Di Pantai Air Manis terdapat bongkah-bongkah batuan yang menyerupai sosok Malin Kundang yang sedang bersujud, tertelungkup seakan sedang meratap. Di sekitarnya terdapat keping-keping bebatuan semenjana yang menggambarkan pecahan-pecahan kapal.
Bukan seperti kata kebanyakan orang, batu ini tidak alamiah. Batu Malin Kundang yang ada di Pantai Air Manis dipahat oleh dua orang seniman Minang bernama Dasril Bayras dan Ibenzani Usman kurang lebih tiga puluh tahun lampau. Semenjak itu, Batu Malin Kundang merupakan salah satu pertunjukan kardinal dari Pantai Air Manis.
Tidak berapa lama kami di pantai ini, Elza kemudian mengajak saya untuk melihat seantero pantai dari perbukitan di atas sana. Benar saja. Pemandangan di atas memang terlihat jauh lebih leluasa, pulau-pulau kecil nampak bertebaran di sepanjang garis pantai Sumatera Barat ini.
“Sudah, kakak foto dulu di sana,” kata Elza sambil membidikkan kameranya dan berkelakar, “Dari sana kelihatan bagus, apalagi pakai baju hitam-hitam begitu panas-panas begini.”

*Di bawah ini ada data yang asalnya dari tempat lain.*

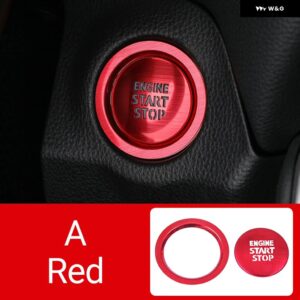 トヨタ RAV4 2019 - 24 XA50 ハイブリッドカー スタートストップ エンジン イグニッション プッシュ ボタン カバー ステッカー アクセサリー - A red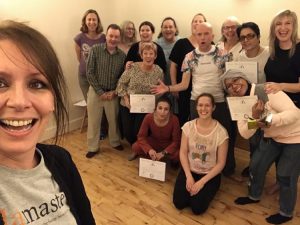 2018 10 19 Total Group of Laughter Yoga Professors e1556625688268 - Corporate Laughter Yoga Training & Workshop Specialists in the UK | Corporate Wellness & Workplace Wellbeing Programmes, Trainings & Workshops in London UK with Laughter Yoga Expert Lotte Mikkelsen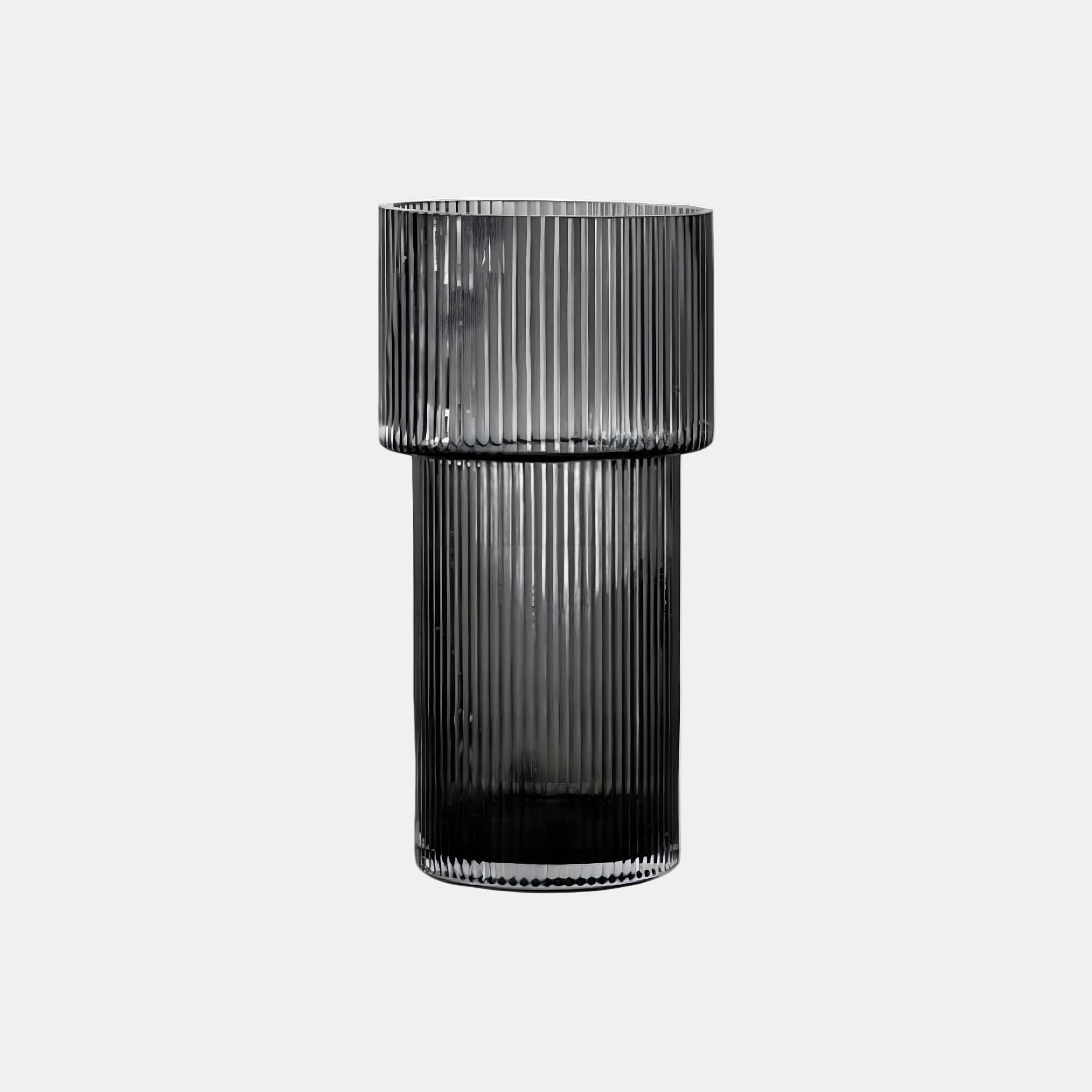 Ribbed Glass Decorative Vase – Tall Modern Flower Vase for Home Decor 0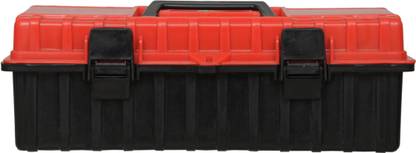Lepose Compact Plastic Tool Box with Organizer (Orange and Black) Tool Box with Tray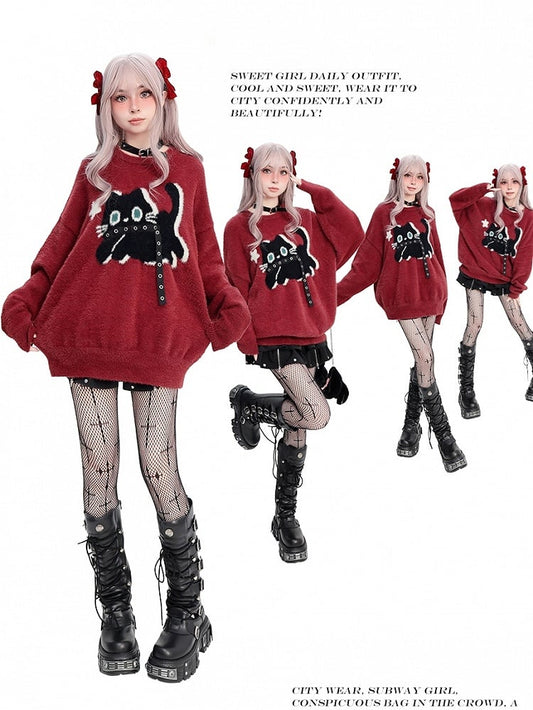 赤いキュートなキティ柄ストラップルーズセーター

Dahulu kala dari pantai ini telah lahir salah satu kisah legenda paling fenomenal di sejarah perhikayatan Indonesia, Malin Kundang, yang membawa budaya Minang ke seantero nusantara. Kini pantai ini menjadi salah satu destinasi yang memikat wisatawan dari seluruh negeri, utamanya dari Sumatera. Buat saya, ini penutupan yang sempurna untuk perjalanan pada siang hari itu.